Acknowledgments: This work was supported by Australia’s grapegrowers and winemakers through their investment body the Grape and Wine Research and Development Corporation, with matching funds from the Australian Government, and by the Commonwealth Cooperative Research Centres Program.

The work was conducted by the NWGIC, Charles Sturt University, within the Cooperative Research Centre for Viticulture program. The authors thank Robert Lamont for skilled technical support, Jean Yong for assistance with the sap collection methodology, and Jorge Zegbe Domínguez for helpful statistical advice. The authors also acknowledge the past and ongoing support of Dennis Greer in the project.

^* Corresponding author (email: jasmith{at}csu.edu.au)

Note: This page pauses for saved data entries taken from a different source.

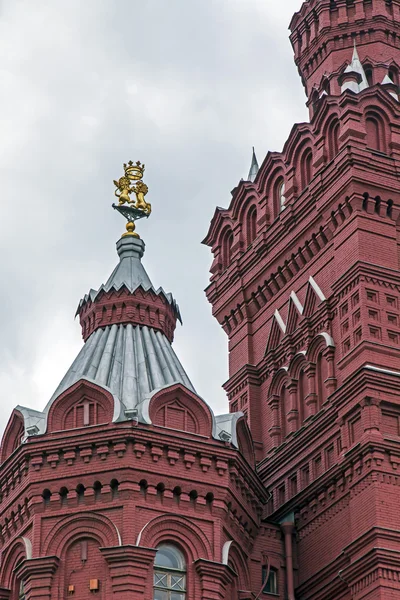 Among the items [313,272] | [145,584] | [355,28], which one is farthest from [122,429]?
[355,28]

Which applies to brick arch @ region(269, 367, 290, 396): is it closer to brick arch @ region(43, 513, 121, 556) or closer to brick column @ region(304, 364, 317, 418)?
brick column @ region(304, 364, 317, 418)

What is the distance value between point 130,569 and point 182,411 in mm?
4002

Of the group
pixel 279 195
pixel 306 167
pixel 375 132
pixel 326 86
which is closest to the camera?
pixel 375 132

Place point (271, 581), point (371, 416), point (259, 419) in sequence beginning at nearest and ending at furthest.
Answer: point (371, 416), point (271, 581), point (259, 419)

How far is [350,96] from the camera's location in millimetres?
40812

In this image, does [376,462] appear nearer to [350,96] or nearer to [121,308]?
[121,308]

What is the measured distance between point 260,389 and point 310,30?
1115 cm

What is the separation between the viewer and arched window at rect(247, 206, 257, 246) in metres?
44.4

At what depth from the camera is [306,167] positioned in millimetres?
42656

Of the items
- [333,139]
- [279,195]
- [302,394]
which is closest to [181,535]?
[302,394]

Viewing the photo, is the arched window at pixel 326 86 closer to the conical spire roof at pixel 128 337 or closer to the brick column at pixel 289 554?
the conical spire roof at pixel 128 337

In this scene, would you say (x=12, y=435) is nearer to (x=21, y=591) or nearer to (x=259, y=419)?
(x=21, y=591)

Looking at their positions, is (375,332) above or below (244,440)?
above

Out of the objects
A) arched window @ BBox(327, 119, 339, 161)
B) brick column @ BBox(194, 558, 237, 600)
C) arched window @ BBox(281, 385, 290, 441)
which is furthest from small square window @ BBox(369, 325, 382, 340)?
brick column @ BBox(194, 558, 237, 600) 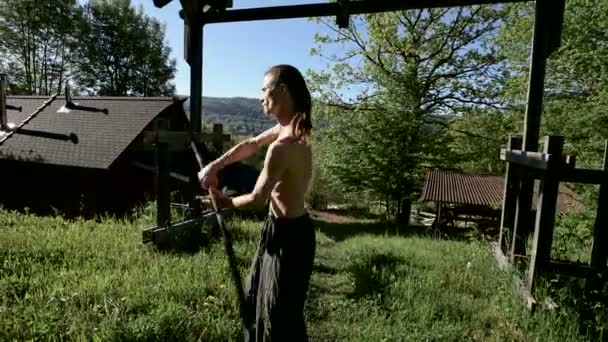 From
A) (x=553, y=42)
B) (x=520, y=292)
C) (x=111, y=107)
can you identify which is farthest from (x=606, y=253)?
(x=111, y=107)

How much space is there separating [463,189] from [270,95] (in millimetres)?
16110

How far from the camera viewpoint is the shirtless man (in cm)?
214

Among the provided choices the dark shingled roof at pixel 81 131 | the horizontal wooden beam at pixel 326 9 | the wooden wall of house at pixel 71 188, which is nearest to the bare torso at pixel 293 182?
the horizontal wooden beam at pixel 326 9

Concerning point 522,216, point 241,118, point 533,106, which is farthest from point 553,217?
point 241,118

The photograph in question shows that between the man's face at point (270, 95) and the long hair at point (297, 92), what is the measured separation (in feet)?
0.08

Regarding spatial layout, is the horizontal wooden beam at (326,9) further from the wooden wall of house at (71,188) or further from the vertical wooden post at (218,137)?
the wooden wall of house at (71,188)

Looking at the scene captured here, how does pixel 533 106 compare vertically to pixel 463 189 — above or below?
above

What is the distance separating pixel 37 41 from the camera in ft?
103

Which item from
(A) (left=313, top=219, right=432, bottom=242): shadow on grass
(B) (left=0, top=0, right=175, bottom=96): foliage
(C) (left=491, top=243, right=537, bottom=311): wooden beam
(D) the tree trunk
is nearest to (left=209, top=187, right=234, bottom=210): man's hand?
(C) (left=491, top=243, right=537, bottom=311): wooden beam

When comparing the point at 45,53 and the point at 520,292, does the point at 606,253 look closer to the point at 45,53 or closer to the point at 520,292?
the point at 520,292

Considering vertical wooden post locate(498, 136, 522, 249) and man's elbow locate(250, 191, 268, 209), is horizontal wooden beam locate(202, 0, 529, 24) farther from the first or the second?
man's elbow locate(250, 191, 268, 209)

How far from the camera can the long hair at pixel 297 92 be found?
2141mm

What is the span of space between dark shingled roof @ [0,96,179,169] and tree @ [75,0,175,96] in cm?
2181

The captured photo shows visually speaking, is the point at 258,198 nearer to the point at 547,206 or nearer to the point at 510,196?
the point at 547,206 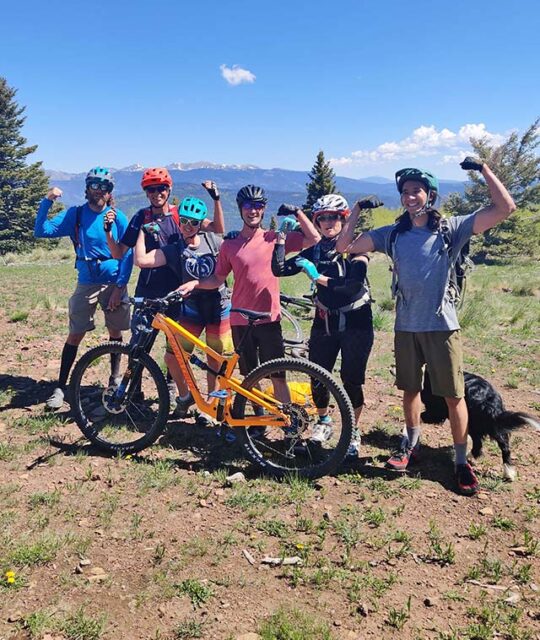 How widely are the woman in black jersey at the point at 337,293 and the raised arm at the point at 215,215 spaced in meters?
1.11

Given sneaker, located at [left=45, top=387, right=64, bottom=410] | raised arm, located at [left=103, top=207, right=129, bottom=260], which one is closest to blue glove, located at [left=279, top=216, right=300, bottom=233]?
raised arm, located at [left=103, top=207, right=129, bottom=260]

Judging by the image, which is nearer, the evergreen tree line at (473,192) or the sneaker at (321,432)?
the sneaker at (321,432)

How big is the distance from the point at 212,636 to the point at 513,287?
16024 millimetres

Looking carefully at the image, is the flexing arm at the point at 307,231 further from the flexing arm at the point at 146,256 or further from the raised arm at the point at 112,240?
the raised arm at the point at 112,240

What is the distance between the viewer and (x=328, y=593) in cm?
308

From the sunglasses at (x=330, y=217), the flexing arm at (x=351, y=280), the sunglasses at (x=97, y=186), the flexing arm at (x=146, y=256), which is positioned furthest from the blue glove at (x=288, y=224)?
the sunglasses at (x=97, y=186)

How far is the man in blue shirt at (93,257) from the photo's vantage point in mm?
5645

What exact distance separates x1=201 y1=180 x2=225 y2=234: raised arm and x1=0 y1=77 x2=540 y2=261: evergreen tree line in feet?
122

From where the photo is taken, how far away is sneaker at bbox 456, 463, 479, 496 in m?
4.16

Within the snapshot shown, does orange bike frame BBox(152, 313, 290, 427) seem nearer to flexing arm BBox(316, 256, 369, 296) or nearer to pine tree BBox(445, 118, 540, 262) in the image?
flexing arm BBox(316, 256, 369, 296)

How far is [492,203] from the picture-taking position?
3770 millimetres

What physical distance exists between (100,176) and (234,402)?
125 inches

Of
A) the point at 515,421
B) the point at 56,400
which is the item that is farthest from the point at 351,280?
the point at 56,400

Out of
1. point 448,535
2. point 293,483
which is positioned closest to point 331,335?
point 293,483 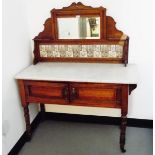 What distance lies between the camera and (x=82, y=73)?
2.09 metres

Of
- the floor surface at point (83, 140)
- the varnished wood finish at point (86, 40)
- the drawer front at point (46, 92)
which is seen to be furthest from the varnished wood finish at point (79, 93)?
the varnished wood finish at point (86, 40)

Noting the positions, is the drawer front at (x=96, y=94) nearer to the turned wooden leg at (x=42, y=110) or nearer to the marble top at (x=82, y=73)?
the marble top at (x=82, y=73)

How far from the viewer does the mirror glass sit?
2.24m

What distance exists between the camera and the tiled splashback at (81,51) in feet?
7.45

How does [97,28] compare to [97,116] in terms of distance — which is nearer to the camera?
[97,28]

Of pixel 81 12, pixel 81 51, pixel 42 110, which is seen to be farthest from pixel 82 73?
pixel 42 110

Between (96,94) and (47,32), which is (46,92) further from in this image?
(47,32)

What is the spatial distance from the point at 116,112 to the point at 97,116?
21 centimetres

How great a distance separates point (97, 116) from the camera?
2.61 metres

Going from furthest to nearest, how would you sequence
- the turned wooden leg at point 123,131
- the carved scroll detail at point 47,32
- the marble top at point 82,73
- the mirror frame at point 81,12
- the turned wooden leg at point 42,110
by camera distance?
the turned wooden leg at point 42,110
the carved scroll detail at point 47,32
the mirror frame at point 81,12
the turned wooden leg at point 123,131
the marble top at point 82,73

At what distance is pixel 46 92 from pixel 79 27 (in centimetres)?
68

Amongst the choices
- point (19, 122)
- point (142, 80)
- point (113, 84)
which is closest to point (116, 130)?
point (142, 80)

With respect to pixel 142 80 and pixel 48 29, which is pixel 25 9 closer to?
pixel 48 29

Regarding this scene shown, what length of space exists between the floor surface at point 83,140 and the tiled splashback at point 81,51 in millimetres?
769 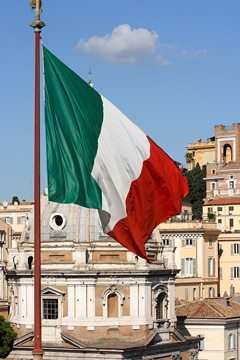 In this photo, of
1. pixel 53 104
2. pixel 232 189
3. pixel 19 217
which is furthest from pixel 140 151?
pixel 232 189

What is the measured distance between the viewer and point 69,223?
69.6 metres

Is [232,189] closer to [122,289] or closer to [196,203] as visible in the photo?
[196,203]

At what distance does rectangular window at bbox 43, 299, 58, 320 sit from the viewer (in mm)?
69375

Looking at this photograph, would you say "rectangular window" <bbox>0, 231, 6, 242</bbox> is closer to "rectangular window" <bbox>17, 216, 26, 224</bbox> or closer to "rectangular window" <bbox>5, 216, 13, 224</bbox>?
"rectangular window" <bbox>17, 216, 26, 224</bbox>

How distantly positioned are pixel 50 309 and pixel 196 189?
74242 mm

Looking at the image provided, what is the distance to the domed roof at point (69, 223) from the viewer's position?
69.1 meters

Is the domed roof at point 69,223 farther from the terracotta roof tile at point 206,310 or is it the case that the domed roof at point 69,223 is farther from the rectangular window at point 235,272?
the rectangular window at point 235,272

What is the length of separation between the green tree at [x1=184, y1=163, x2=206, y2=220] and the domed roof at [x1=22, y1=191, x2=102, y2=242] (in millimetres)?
66300

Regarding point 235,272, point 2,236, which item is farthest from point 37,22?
point 2,236

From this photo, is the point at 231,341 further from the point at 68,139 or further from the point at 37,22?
the point at 37,22

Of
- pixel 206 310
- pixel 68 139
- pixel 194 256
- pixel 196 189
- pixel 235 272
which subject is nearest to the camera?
pixel 68 139

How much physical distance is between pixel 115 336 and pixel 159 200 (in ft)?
133

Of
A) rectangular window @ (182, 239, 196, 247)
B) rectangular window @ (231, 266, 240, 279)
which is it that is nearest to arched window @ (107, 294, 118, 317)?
rectangular window @ (182, 239, 196, 247)

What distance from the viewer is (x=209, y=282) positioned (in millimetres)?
97625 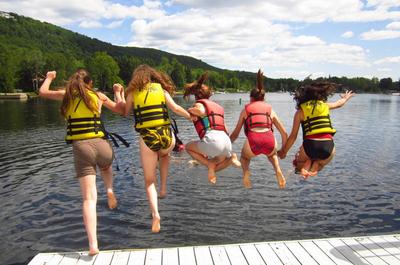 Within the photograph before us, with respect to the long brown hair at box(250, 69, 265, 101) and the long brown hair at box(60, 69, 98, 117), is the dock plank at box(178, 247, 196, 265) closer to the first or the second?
the long brown hair at box(60, 69, 98, 117)

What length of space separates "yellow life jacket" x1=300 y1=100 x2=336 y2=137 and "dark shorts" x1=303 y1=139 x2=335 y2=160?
8.6 inches

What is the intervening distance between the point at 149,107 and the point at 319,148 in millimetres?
3877

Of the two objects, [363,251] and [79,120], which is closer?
[79,120]

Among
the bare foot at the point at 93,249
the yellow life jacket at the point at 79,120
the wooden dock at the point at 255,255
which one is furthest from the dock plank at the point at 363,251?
the yellow life jacket at the point at 79,120

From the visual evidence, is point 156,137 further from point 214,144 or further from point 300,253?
point 300,253

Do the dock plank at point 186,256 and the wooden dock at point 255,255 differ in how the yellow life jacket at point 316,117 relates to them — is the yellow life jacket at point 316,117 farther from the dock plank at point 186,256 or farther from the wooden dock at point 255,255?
the dock plank at point 186,256

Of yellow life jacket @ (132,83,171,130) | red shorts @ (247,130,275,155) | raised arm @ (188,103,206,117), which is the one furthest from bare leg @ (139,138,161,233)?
red shorts @ (247,130,275,155)

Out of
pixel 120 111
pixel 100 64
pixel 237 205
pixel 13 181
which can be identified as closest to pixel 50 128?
pixel 13 181

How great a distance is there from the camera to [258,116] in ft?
26.1

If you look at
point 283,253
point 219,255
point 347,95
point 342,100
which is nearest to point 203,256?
point 219,255

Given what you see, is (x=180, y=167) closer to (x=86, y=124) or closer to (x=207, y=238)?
(x=207, y=238)

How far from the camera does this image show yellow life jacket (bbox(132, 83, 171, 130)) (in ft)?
22.1

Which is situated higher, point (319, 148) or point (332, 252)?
point (319, 148)

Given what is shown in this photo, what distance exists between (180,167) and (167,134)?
1400cm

Potted Shiraz grapevines, in a glasshouse, were exposed to two different soil temperatures (13°C and 23°C) to evaluate the effects on vegetative growth and floral development from dormancy to anthesis. Soil temperature had no effect on the time of budbreak, anthesis, or the number of flowers per inflorescence. At anthesis total biomass was similar for both treatments, whereas shoot biomass was greater in the warm soil. From dormancy to anthesis, both root and trunk biomass decreased in the cool soil and only root biomass decreased in the warmer soil, but by twice as much as that in the cool soil. During dormancy to anthesis decreases in total nonstructural carbohydrate accounted for most of the decrease in root biomass. At budbreak, 14 cytokinins representing four recognized classes were present in bleeding sap, with trans-zeatin riboside and isopentenyl adenosine as the dominant forms. Total and active free base cytokinin concentrations were similar for both treatments, while sap from vines in the warm soil had significantly lower concentrations of nucleotide cytokinins. However, delivery of cytokinins was significantly greater in the warm soil treatment. By anthesis, cytokinin concentrations were similar for both treatments, but total cytokinin concentrations in xylem sap had decreased by almost 90% from budbreak. Root-generated cytokinins appear to be associated with the mobilization of the carbohydrate reserves at the end of dormancy and the ensuing shoot growth. Comparison of results with those of previous studies reveals that, because of apical dominance and correlative inhibition, the response to soil temperature in terms of number of buds to break and time of budbreak is conditioned by the number of nodes per cane.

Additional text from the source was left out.